As the only democracy in the Arab world, and a close trade partner to Europe, Tunisia represents a strong political symbol. France remains a major partner of Tunisia: about 14% of Tunisian imports in 2019 (against 21% in 2009). But the analysis of direct investment flows shows the interest of other powers in Tunisia. 39% of FDI flows in 2019 came from the Gulf countries, including 11% from Qatar. Incidentally, Turkey is also well-established within the Tunisian market, especially in the public works and infrastructure sector. 

As a key commercial and financial platform, with an economy open to trade and a presence in the main economic and financial flows, Morocco is at the heart of regional and international interests. China has more and more stakes in the country, wherein the Chinese diaspora has become quite large on the Moroccan urban coast. China is peering at logistics facilities, notably in Tanger, and overall exports many manufactured goods and equipment to Morocco. China has also used "vaccine diplomacy" with Morocco during the Covid-19 crisis, sending masks, advanced testing of vaccines, massive distribution of Chinese vaccines, etc. China is well-positioned in terms of Moroccan imports: it represented 10% of the total in 2019, but is still behind Spain (15%) and France (12%). 
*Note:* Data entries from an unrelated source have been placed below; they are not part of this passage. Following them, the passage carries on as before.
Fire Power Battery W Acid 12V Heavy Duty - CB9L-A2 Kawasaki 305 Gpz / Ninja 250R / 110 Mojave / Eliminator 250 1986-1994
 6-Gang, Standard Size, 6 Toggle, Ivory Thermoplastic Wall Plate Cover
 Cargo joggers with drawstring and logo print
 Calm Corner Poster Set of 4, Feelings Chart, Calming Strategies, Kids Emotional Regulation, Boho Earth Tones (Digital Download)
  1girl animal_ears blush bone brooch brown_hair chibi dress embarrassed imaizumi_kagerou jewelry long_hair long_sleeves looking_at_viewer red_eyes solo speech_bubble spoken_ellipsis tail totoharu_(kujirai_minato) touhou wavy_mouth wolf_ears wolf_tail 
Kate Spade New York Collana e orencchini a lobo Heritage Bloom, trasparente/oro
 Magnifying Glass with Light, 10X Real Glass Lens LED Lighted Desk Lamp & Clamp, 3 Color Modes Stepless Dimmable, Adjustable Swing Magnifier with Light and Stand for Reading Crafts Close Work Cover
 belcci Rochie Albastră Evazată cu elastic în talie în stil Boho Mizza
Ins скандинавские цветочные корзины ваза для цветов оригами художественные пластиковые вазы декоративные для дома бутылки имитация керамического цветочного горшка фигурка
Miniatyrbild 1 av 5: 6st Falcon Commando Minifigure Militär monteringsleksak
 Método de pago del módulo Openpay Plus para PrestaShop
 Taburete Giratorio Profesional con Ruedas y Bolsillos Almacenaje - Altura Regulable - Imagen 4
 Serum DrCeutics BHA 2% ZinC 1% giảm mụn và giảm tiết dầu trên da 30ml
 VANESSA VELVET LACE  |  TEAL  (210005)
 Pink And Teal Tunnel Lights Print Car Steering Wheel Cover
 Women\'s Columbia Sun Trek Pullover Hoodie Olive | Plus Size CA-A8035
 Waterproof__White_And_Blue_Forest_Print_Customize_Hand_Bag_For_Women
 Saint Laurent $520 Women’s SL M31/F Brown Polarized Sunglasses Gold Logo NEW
Fundamentally sovereignist, yet very open internationally through its commercial exchanges, Algeria is a paradox. Rich in fossil fuels and very careful in its choice of economic partners, Algeria is the North African country with the most diversified clients and suppliers. Russia and China have become important partners (17% of Algerian imports come from China in 2019). Once almost exclusively related to the defense sector, ties between Moscow and Algiers have recently expanded with the Covid-19 crisis to the health sector (the Russian vaccine recently rolled out in Algeria). 

Europe must be observant to the Maghreb’s current situation and find solutions, not only in financial terms, so as to contribute to the region’s stability. Such stability depends on the well-being of populations, rather than a sole support to the regimes.